Data for review: Begin

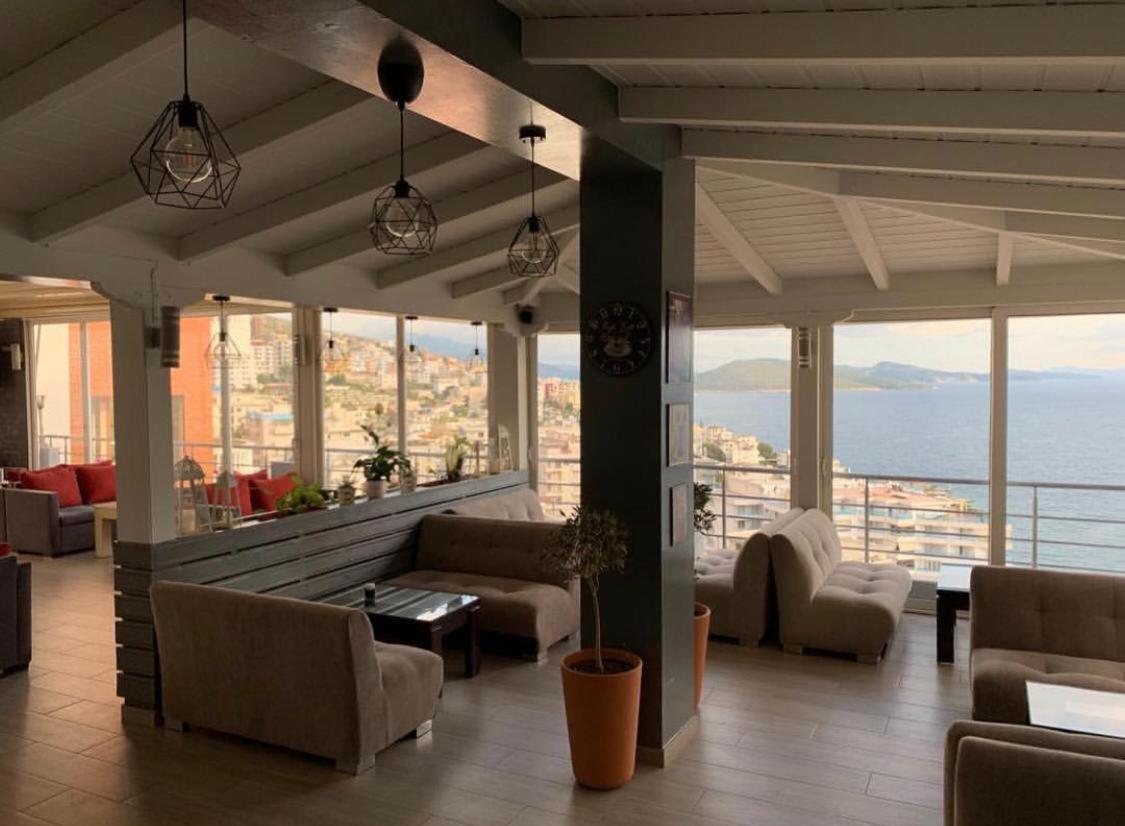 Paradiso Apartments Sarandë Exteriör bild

Data for review: End
Data for review: Begin

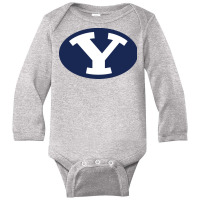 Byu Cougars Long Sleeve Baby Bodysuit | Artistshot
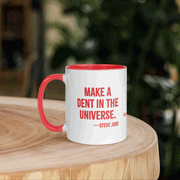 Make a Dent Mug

Data for review: End
Data for review: Begin

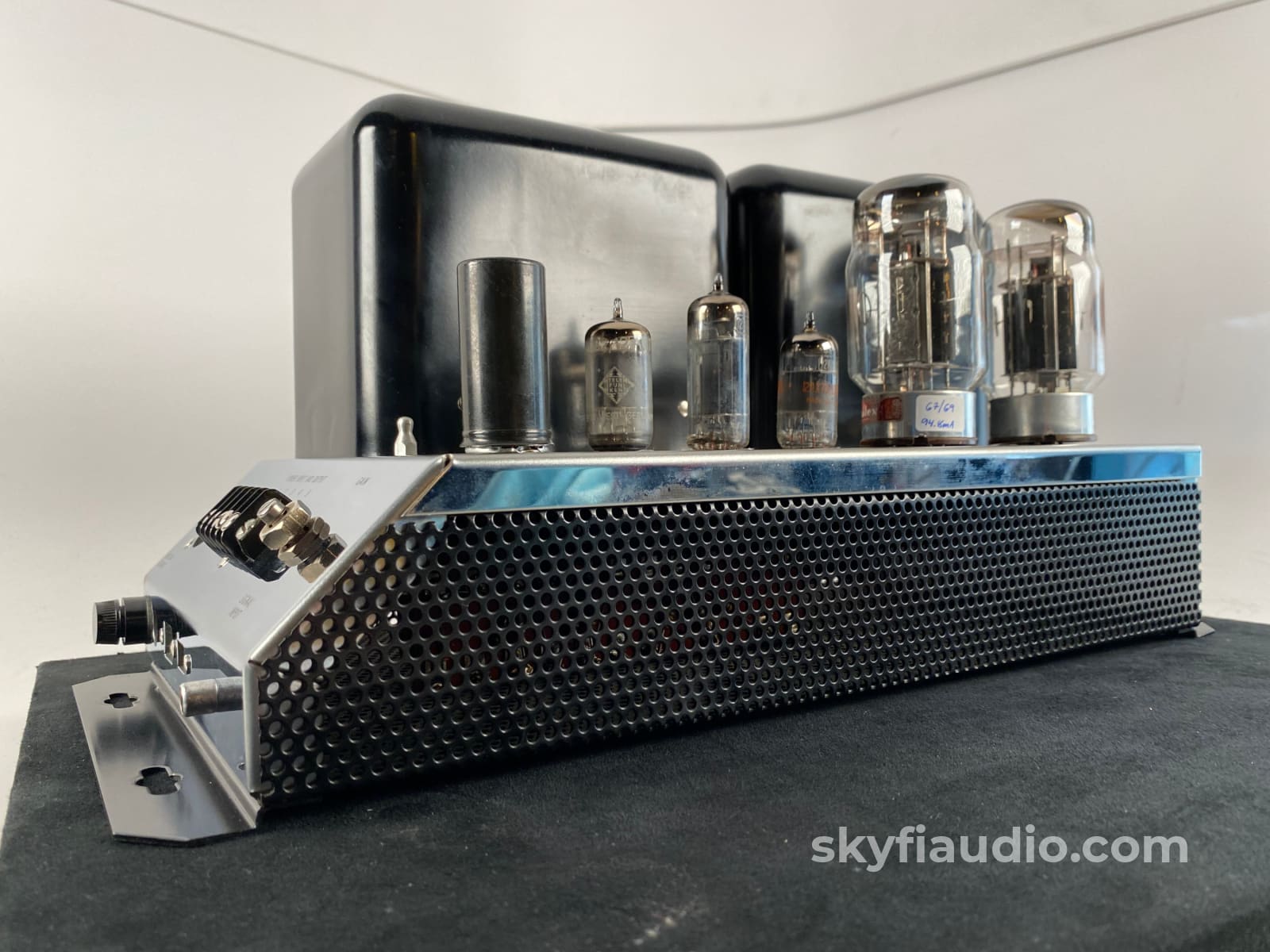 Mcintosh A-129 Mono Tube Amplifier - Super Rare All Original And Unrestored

Data for review: End

### Task description
Using the records above, repeat exactly the run of lines that starts with the line with "Byu Cougars Long" and goes on through the line with "Make a Dent Mug"; omit each picture.

### Exercise response
 Byu Cougars Long Sleeve Baby Bodysuit | Artistshot
 Make a Dent Mug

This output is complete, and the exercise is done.